If these phytoplankton are present in the estuary, there is a chance they can be ingested by local shellfish. And if people eat shellfish that have been feeding on these types of phytoplankton, sickness or death can result.

The phytoplankton monitoring program is not a regulatory program, but rather serves as a way to alert the DMR if the presence of any one of the species of concern is detected. The monitoring complements and informs DMR’s regular testing of shellfish tissue for toxins.

Locally, water samples are taken weekly at Pemaquid Point, where the Eastern Maine Coastal Current sweeps past.

This work is not for the faint of heart. “We were very happy not to be washed away by the waves at Pemaquid Point,” laughed DRA volunteer Dick MacKenzie. “Depending on the weather, it can be a difficult spot to do sampling.”

Once the water sample was collected, MacKenzie and co-volunteer Steve Wallace spent three hours looking at slides under the microscope at DRA’s water quality monitoring lab.
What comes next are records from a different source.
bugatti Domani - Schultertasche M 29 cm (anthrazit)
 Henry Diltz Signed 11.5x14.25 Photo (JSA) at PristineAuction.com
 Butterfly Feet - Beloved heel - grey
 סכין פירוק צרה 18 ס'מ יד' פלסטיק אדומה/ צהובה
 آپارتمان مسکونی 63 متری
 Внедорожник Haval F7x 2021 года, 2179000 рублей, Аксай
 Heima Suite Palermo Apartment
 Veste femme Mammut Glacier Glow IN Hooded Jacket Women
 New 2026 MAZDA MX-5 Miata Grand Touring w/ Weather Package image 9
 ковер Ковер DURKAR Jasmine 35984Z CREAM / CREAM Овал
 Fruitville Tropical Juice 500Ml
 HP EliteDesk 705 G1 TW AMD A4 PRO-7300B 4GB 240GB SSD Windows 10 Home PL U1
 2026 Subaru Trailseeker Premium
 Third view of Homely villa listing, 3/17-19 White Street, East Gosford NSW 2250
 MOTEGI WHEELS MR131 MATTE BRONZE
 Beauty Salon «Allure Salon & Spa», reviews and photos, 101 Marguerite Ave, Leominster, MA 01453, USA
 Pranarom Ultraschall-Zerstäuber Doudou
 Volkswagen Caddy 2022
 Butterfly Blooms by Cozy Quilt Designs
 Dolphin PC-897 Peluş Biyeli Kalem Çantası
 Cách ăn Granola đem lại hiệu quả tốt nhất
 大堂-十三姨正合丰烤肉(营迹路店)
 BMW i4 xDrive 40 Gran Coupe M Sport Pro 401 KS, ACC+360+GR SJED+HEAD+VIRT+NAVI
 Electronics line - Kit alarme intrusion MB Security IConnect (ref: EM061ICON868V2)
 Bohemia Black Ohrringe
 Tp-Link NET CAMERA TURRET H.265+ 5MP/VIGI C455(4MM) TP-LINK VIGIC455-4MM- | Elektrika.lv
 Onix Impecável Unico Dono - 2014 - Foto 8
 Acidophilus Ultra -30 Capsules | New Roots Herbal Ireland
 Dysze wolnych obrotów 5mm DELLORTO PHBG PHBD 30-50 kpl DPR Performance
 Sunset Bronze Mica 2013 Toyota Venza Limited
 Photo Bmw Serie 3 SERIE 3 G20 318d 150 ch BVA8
Each slide is divided into 1000 squares, 200 of which are scanned for the presence of several potentially toxic species of phytoplankton. In addition, the volunteers are asked to identify the three most prevalent species observed within the set of 200 squares.

“Hopefully as we get better at identification we’ll get through it faster,” MacKenzie remarked.

volunteers looking into a microscope

DRA volunteer Dick MacKenzie observes phytoplankton under a microscope as co-volunteer Steve Wallace looks on.